For the 2010 ANZAC Test, Shillington was selected to play for Australia as a prop forward in their victory against New Zealand. Shillington was named the winner of the Mal Meninga Medal as the Raiders' player of the year for 2010.

In 2011, Shillington was picked in the Australia V New Zealand test played in Newcastle playing off the Bench, before heading to Great Britain for the 2011 Four Nations tournament in England and Wales. For the first two games (VS New Zealand & England), Shillington played off the bench wearing the number 16, but in the game VS Wales, he will start at prop (number 8).
When Australia played New Zealand in England, Isaac Luke (New Zealand hooker) came in late on Shillington's legs which looked like it would end his Four Nations tournament. He was in doubt played against England at Wembley but did play.

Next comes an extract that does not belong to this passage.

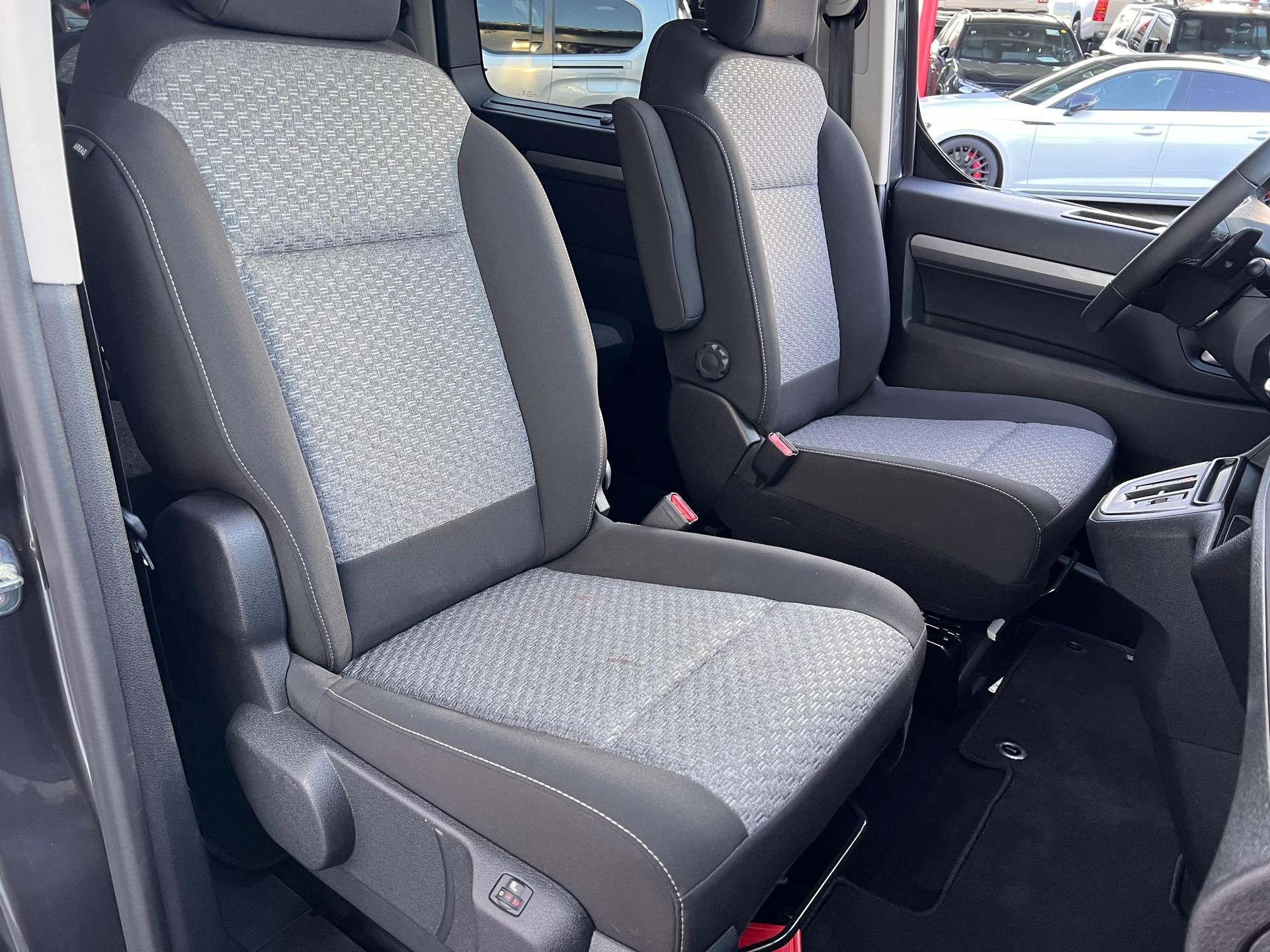 TOYOTA PROACE Verso L1 2.0 D Trend-image-14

For the 2013 State of Origin series Shillington was selected to play in Game I, but after the Blues' win was not retained for Game II.

===Gold Coast Titans and retirement===
On 25 June 2015, Shillington signed a 2-year contract with the Gold Coast Titans starting in 2016. Shillington announced his immediate retirement from rugby league on 9 February 2017 due to chronic injuries.

== Post playing ==
As of 2018, Shillington was the Queensland manager of the Men in League Foundation.